Tito menegaskan bahwa baik Kemendagri maupun Kemenkeu memiliki visi yang sama, yaitu mendorong agar dana daerah tidak mengendap di bank dan segera dimanfaatkan untuk kepentingan publik.

“Intinya kita sepakat, dana daerah jangan hanya disimpan di perbankan. Harus segera digunakan untuk membiayai program yang bermanfaat bagi masyarakat,” ujar Tito, Sabtu (25/10/2025).

Mantan Kapolri tersebut menjelaskan, selisih sekitar Rp18 triliun antara data dua kementerian merupakan hal yang wajar. Ia menyebutkan bahwa penurunan dari Rp233 triliun pada Agustus menjadi Rp215 triliun di Oktober menandakan dana tersebut sudah mulai dibelanjakan oleh daerah.

“Artinya uang itu bergerak, bukan diam. Jadi selisih tersebut menunjukkan adanya realisasi belanja daerah,” jelasnya.

Tito menambahkan, koordinasi antara Kemenkeu dan Kemendagri tetap berjalan baik karena keduanya memiliki semangat yang sama: mempercepat penyerapan anggaran agar manfaatnya dapat dirasakan langsung oleh masyarakat.

Perbedaan Data Dinilai Wajar dan Bersifat Metodologis

Dosen Hukum Pemerintahan Daerah Universitas Atma Jaya Yogyakarta, Hestu Cipto Handoyo, juga menilai bahwa perbedaan data tersebut tidak perlu diperdebatkan. Ia menegaskan, baik Mendagri maupun Menkeu memiliki misi serupa, yaitu memastikan uang daerah tidak menumpuk di rekening perbankan.

“Keduanya berupaya menegakkan disiplin fiskal di tingkat daerah.

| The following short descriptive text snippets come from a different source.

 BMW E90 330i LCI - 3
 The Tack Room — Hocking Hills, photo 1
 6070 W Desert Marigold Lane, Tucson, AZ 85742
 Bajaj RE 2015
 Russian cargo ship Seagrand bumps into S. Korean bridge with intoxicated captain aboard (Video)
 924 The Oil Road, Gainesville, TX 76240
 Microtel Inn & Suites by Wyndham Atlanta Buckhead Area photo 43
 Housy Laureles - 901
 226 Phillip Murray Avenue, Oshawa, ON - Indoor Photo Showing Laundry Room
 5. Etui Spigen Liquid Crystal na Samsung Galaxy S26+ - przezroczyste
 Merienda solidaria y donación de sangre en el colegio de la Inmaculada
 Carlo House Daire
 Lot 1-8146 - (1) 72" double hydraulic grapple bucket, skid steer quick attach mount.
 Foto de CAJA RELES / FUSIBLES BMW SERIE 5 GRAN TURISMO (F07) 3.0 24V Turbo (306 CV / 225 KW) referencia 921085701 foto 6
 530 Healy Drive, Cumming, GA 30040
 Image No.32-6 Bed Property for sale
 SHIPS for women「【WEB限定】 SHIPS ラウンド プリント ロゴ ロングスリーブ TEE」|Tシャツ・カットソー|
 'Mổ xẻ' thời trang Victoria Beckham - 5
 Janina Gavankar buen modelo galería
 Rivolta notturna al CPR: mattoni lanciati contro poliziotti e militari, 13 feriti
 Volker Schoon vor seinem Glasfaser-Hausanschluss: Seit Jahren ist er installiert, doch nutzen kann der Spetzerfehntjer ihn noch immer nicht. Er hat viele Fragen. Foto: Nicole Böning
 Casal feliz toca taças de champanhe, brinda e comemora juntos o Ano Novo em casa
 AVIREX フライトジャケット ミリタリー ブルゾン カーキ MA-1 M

Jadi perbedaan angka jangan dianggap perbedaan arah kebijakan, karena tujuannya tetap sama: memastikan uang rakyat benar-benar bekerja untuk rakyat,” ujarnya.

Menurut Hestu, perbedaan sekitar Rp18 triliun bukanlah indikasi adanya penyimpangan, melainkan konsekuensi logis dari perbedaan sistem dan waktu pelaporan data.

Ia menjelaskan bahwa data yang digunakan Kemenkeu bersumber dari Bank Indonesia (BI) dan menggambarkan posisi saldo simpanan Pemda di bank pada tanggal tertentu (cut-off), biasanya di akhir bulan.

Sementara itu, Kemendagri mengandalkan Sistem Informasi Pemerintahan Daerah (SIPD), yang menggunakan laporan harian dari Badan Keuangan dan Aset Daerah (BKAD) sesuai Permendagri Nomor 70 Tahun 2019.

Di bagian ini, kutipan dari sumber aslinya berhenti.